=== Begin Enclosure ===
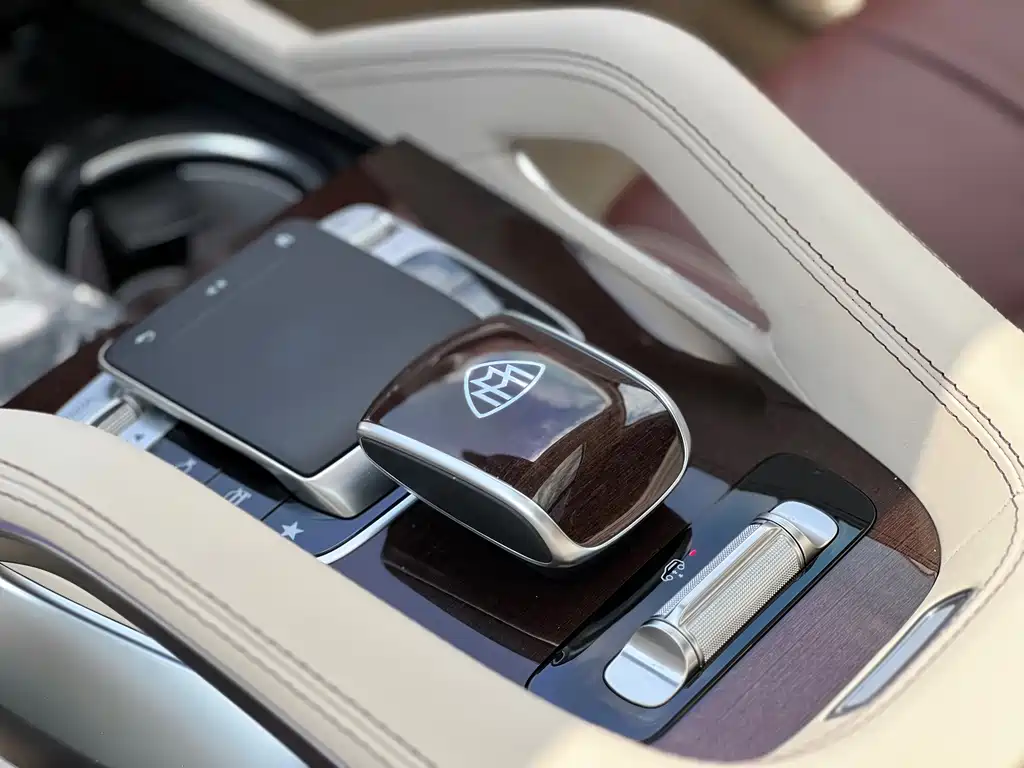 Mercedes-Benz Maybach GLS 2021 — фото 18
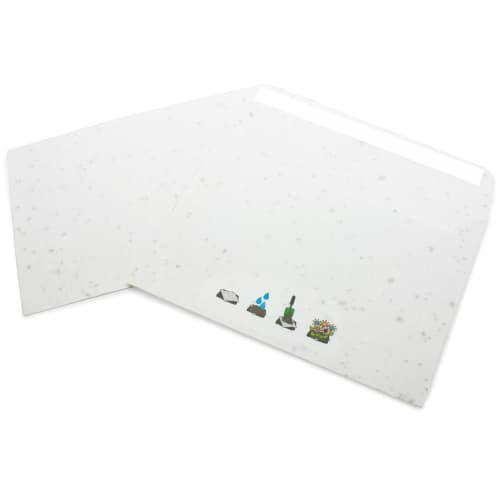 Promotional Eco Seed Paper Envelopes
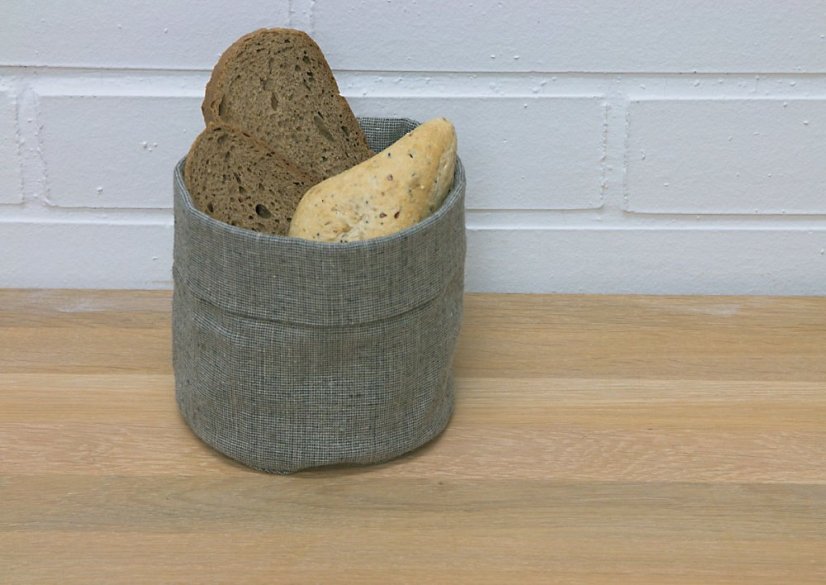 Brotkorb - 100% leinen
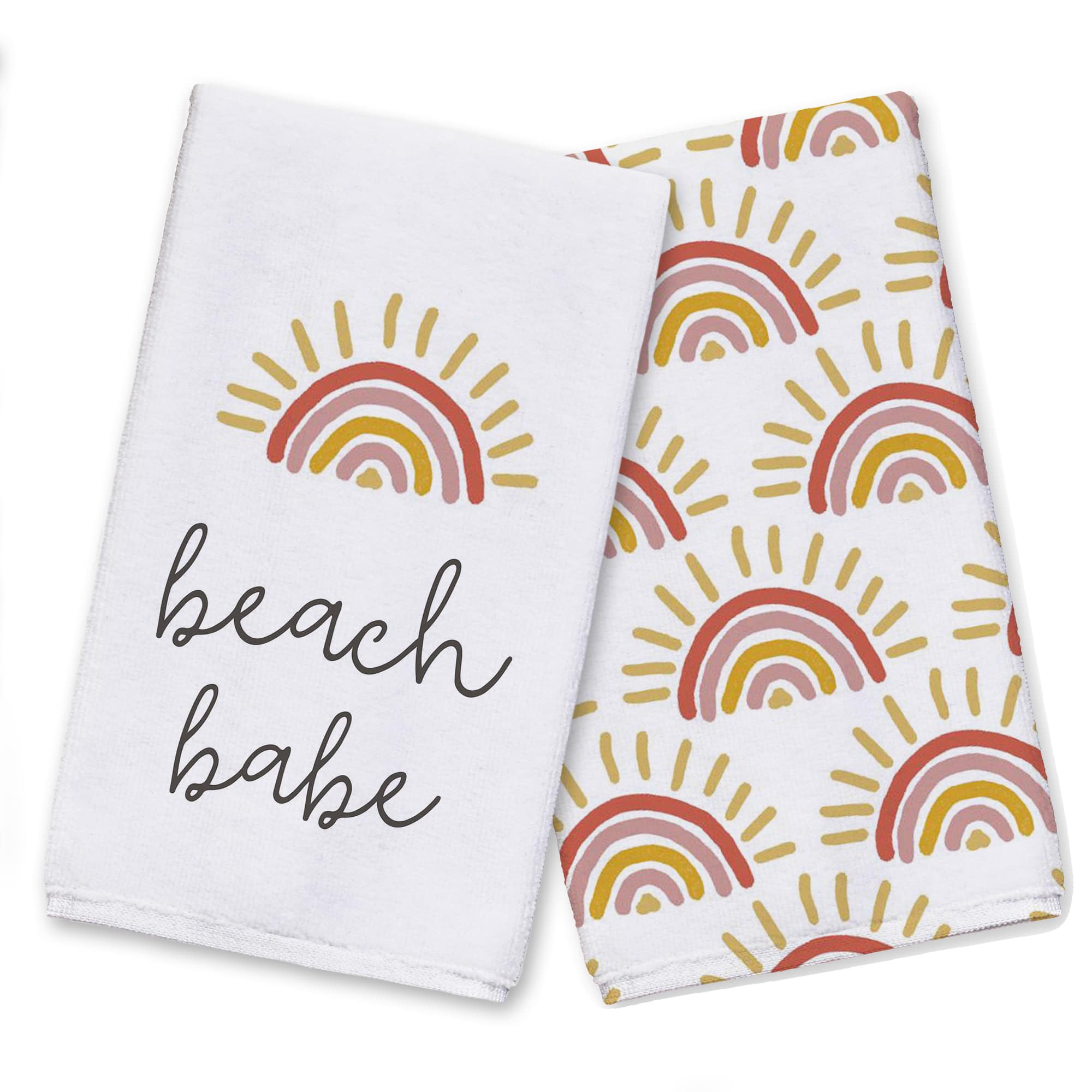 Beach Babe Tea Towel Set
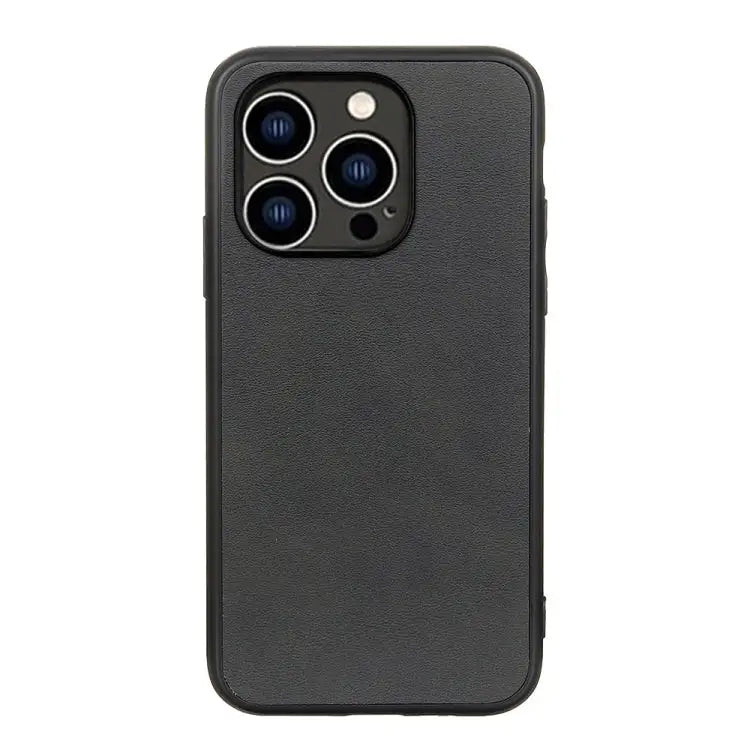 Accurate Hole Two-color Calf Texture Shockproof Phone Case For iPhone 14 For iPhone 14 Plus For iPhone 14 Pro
=== End Enclosure ===
▶ [Assignment] Skip the pictures. Restate everything else in the records word for word.

▶ [Response]
 Mercedes-Benz Maybach GLS 2021 — фото 18
 Promotional Eco Seed Paper Envelopes
 Brotkorb - 100% leinen
 Beach Babe Tea Towel Set
 Accurate Hole Two-color Calf Texture Shockproof Phone Case For iPhone 14 For iPhone 14 Plus For iPhone 14 Pro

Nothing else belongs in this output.